VA loans are just as likely to succeed with REO as any other conventional loan, they just take a bit more work and preparation. They can also be competitive, but the competition is fierce for well-priced homes. That may change some over the next few months, since we expect the available inventory to increase. Since February the national foreclosure moratorium clogged things up, but that’s started to loosen. So, patience and persistence will pay off. Hang in there.
With a VA loan, try to get a termite report in advance. The idea is to structure your offer to allow some buyer money to pay for repairs. If you know what the cost will be, you can ask the seller for a specific credit for VA required repairs in your offer, say in lieu of a credit for closing costs, then add the amount to your offer price. Most REO sellers will consider this an attractive offset. If you include the report and the Section I estimate, it would be a compelling offer. Sometimes the listing agent will have a report already, if not call in some favors and get your own. Of course this could get spendy if you have to do it over and again. Keep an extra watch for listings that are seasoned for 60 days or more because there will be less competition, but your VA offer should stand well among multiple offers. Seller will almost always ask multiples for a ‘final highest and best’ counter offer, so you might get a second shot at the price.
There’s a lot of buzz about loan modification, a process where borrower and lender renegotiate the terms of a home loan so that the monthly payments are lowered. Either the interest rate is reduced, or the repayment term is lengthened, or both.
The federal government, that is, both the administration and Congress, seem to think loan modifications are key to correcting the home loan mess. We disagree.
In fact, our opinion is that in general, loan modification only adds to the problem. We read recently where something like 3 out of 4 modified loans re-default within 6 months. 6 months! What are the numbers after 12 months? Basically, loan modifications are just extending bad debt further. This is exaggerating the problem, not solving it. Still, individual borrowers may get some short-term relief from a loan mod.
But be careful! We’ve heard some horrible stories about people who still lost their home to foreclosure after paying lots of front money to “professionals” who offered to negotiate a loan mod. They take your money, do nothing, and then they stop answering the phone.
Always interview more than one lender, ask a lot of questions, and don’t pay anything up front.
If you owe more than your house is worth and are having trouble keeping up with your payments, this is our first recommendation.

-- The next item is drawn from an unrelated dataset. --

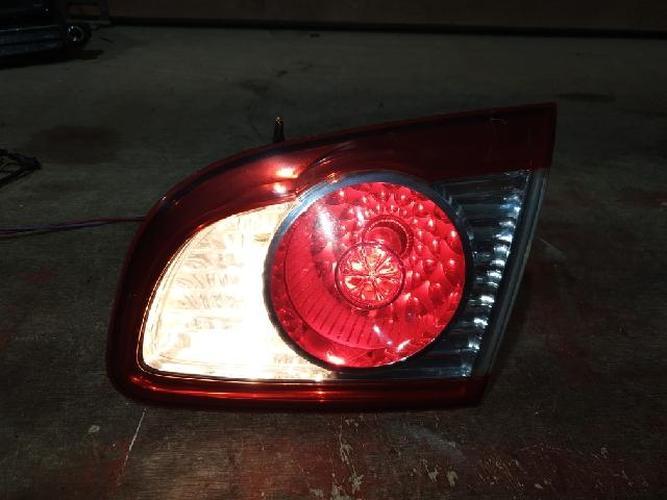 Tail Light Right (RH) Inner (tailgate) Hyundai Santa Fe (2010–2012)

Very simply put, a Deed In Lieu of Foreclosure gives the property back to your lender, who forgives the debt, and you walk away mostly intact. You suffer far less damage to your credit and the lender suffers fewer losses than with either a short sale or a foreclosure.
If the circumstances allow it, this is door #1. Ask your lender about it, they should be very helpful in determining if this will work for you. After all, they’re plenty motivated to cut their losses, which are already substantial.
REO means: Real Estate Owned. Generally, this is a term commonly used in reference to bank-owned properties or properties that have been foreclosed.
More specifically, these are properties that revert to the lender after the borrower defaults on the loan. The process is complex, but in the end the lender takes the property back and there is no longer a loan, hence Real Estate Owned.
When I first started in real estate, I thought that REO meant Real Estate Owed. At least that’s what I heard, and it didn’t make any sense. I couldn’t figure it out no matter how my broker explained it to me. What a difference one little letter can make. If only I owned everything I owe.